You don’t want to strip the cuticle intentionally, and I don’t think it’s something you can do once the hair is in the wig anyway. It’s something that’s done in large vats of acid when mass-processing hair from ethnic sources so that they can then color and change the texture.y But the cuticle protects the hair and it’s color, so it’s not a BAD part of the hair. It just can get knotty, because it’s a microscopic texture on the surface. So it just has to be brushed, moisturized, and cared for properly….
Also, the wash could definitely cause knotting, in addition to the weather and dryness. If there’s any residue left behind (shampoo or conditioner not rinsed completely, or excessive products) they can act like magnets for dirt, and make the hair sticky, causing the knitting…. if it just came back from washing, ask the girl who washed it if she did anything different. Otherwise sitting for another wash and ask about a deep condition or Argan oil (Moroccan oil or any other brand) to help keep it soft without adding weight or sticky residue
I replied to this question on a post in one of those community bulletin board type pages about where to buy a lace front…

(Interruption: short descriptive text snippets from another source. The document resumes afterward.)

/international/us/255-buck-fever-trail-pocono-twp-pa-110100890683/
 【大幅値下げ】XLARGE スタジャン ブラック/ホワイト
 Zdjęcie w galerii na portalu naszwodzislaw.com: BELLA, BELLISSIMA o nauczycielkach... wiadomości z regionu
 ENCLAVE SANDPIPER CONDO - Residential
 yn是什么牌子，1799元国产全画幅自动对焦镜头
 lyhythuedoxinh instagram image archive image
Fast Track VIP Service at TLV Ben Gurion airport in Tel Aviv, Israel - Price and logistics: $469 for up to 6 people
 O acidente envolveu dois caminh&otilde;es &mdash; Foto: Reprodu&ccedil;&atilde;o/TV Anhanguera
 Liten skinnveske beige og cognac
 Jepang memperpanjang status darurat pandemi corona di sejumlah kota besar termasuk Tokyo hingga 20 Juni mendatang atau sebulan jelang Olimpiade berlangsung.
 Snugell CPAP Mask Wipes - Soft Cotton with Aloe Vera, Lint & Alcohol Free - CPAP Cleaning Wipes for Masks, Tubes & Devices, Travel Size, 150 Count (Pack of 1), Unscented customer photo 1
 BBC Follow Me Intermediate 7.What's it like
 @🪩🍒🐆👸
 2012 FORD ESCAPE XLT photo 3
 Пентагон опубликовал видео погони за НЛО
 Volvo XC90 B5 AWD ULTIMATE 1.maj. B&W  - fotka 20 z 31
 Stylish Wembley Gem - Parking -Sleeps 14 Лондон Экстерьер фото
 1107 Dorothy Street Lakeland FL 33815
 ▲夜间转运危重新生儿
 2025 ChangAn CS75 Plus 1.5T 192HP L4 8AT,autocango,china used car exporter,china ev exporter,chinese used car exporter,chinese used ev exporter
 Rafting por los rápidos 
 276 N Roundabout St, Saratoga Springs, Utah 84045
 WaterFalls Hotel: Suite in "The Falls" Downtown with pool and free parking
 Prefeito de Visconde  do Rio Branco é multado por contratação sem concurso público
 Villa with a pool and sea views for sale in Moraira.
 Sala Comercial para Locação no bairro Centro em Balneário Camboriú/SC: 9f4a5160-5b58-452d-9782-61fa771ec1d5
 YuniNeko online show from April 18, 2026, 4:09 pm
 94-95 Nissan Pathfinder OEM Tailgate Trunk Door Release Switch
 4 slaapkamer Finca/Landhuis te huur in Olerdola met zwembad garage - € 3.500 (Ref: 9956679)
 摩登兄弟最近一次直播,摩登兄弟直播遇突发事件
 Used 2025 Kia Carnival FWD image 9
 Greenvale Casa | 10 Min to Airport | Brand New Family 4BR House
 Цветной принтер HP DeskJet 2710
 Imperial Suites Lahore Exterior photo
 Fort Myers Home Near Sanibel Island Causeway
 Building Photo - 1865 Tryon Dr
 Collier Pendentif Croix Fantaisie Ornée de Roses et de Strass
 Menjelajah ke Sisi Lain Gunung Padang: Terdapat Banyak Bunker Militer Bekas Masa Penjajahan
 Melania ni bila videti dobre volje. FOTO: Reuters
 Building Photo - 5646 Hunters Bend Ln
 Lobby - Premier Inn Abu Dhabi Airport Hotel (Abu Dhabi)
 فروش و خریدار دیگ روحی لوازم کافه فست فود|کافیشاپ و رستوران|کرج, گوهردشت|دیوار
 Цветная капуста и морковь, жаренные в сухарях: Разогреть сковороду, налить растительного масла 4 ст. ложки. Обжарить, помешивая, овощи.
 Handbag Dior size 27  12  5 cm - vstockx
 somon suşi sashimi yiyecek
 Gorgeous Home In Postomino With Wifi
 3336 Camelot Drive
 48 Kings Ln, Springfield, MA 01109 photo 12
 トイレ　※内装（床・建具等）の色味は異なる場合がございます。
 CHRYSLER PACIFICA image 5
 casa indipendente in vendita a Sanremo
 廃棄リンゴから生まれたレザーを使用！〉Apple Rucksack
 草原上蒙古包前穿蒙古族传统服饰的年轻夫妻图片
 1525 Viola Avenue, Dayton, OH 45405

Question: Can one of u tell me how the wigs that have lace front should be washed, because my lace front start is starting to stretch out?
Answer: The safest way to wash a lace front is carefully pinned on to a head, but if it’s not pinned carefully, this could rip it too, and it can be washed off the head, but also carefully.
In my opinion, you need to do your research before giving your lace front wig to anyone. Ask around and check with other people if their lace front is being properly cared for: ask about not stretching, if it’s sitting flat vs rolling up or rolling under, if it’s coming completely clean and things like accumulated make up are coming out, if it’s getting excessively knotty at the lace, Or losing hair…. all of these things can be an indication that the person carrying for your wig does not know how to work with a lace front.
It’s raining, it’s pouring. … It’s HORRIBLE sheitel weather! Try these essential rules and let us know if you have any others to add;
#1 Cover up! Use oversized hoods, umbrellas and even those plastic rain bonnets whenever possible.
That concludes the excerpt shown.